Records for the exercise>

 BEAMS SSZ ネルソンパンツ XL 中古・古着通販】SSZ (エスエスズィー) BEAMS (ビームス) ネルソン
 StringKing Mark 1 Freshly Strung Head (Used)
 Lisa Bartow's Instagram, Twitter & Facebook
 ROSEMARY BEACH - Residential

...

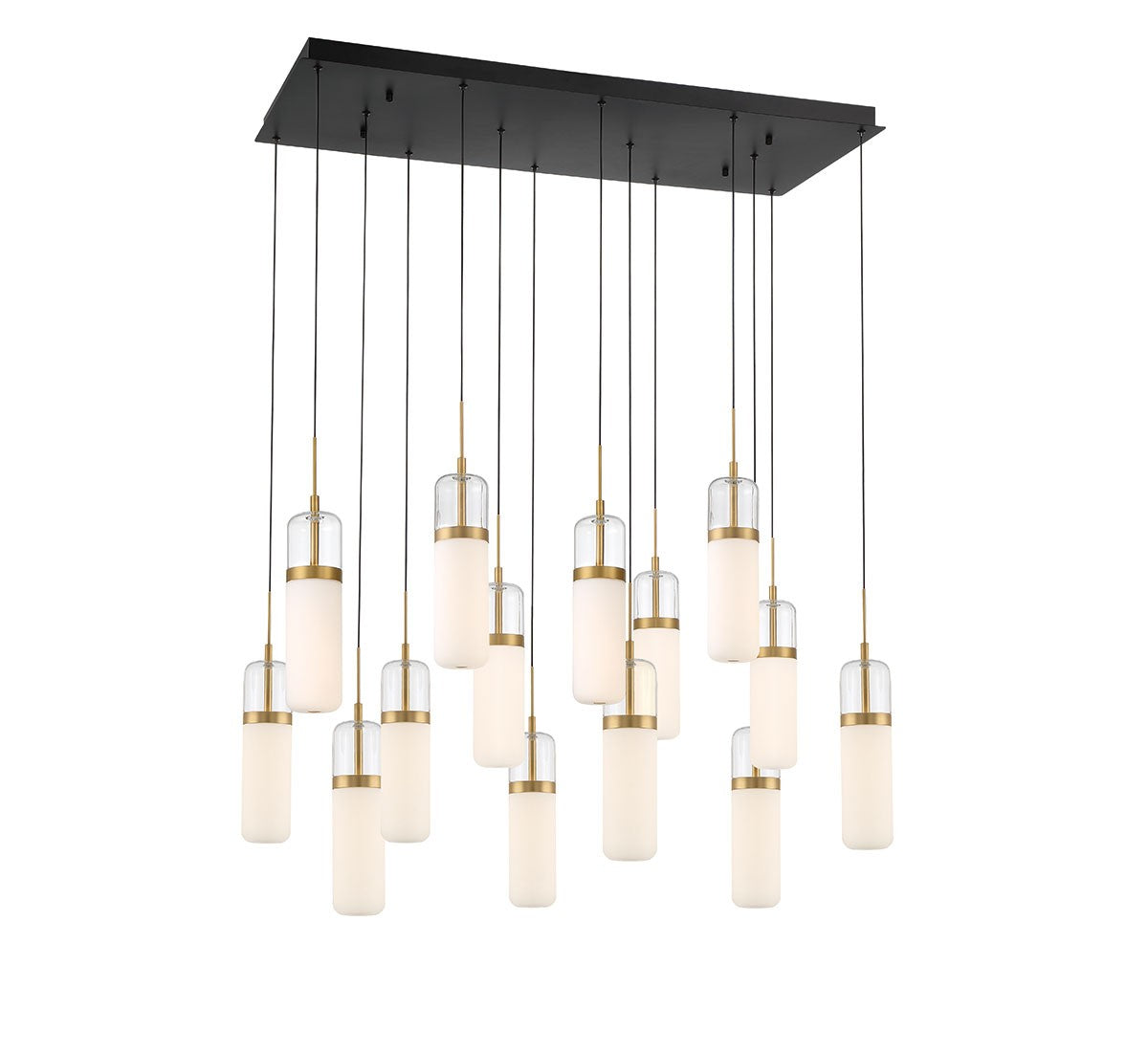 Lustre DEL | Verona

Problem details>
Starting at the line that has "Lisa Bartow's Instagram, Twitter & Facebook" in the records above, restate word for word every line until the one that has "ROSEMARY BEACH - Residential", and include that one as well.

Solution for this exercise>
 Lisa Bartow's Instagram, Twitter & Facebook
 ROSEMARY BEACH - Residential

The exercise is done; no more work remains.